We still meet in the name of the apostles. In a moment, when we profess the Creed together, we will say we believe in one holy catholic and apostolic Church. The Church that began with the apostles is still the Church we are part of today. But when you hear these names, what do you know about them? I suspect very little. Maybe you think learning all about the apostles and what they did with their lives is the sort of thing you learn at vicar school. But, actually, there are a number of them nobody knows much about. Clearly they were all important enough to Jesus to be called by Him, and clearly they were significant enough to His earliest followers to be remembered by name. But in fact, we know very little about Bartholomew or Thaddaeus.
It seems obvious that being famous, such an obsession in our culture, is not very important to God. God is calling you to something far better than being famous – God is calling you to serve Him, like the apostles in whose succession we still meet today.
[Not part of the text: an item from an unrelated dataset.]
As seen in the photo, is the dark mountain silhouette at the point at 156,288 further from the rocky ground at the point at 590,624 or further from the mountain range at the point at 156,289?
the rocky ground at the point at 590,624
Perhaps you are old and cannot serve Him except where you already are in the ways you do – that is enough for Him. Perhaps you are already overcommitted with your work and your duties to your family and friends and your church, and cannot take anything else on – that is enough for Him, but be alert for Him calling you to take up something new that may require you to leave old things behind. And perhaps you are at a point in your life where you are seeking guidance on how to serve God better – then listen for Him speaking, and take the space to do so.
Your service to Him will not be for this life only. While fame is forgotten, beauty decays, and strength weakens, faith never dies – along with love and hope, it lives forever, and through the sacrifice of Christ on the Cross, if you put your faith in Him, then you will too.
And now to God the Father, God the Son, and God the Holy Spirit, be ascribed all might, majesty, dominion, and power, as is most justly His due, now and for evermore. Amen.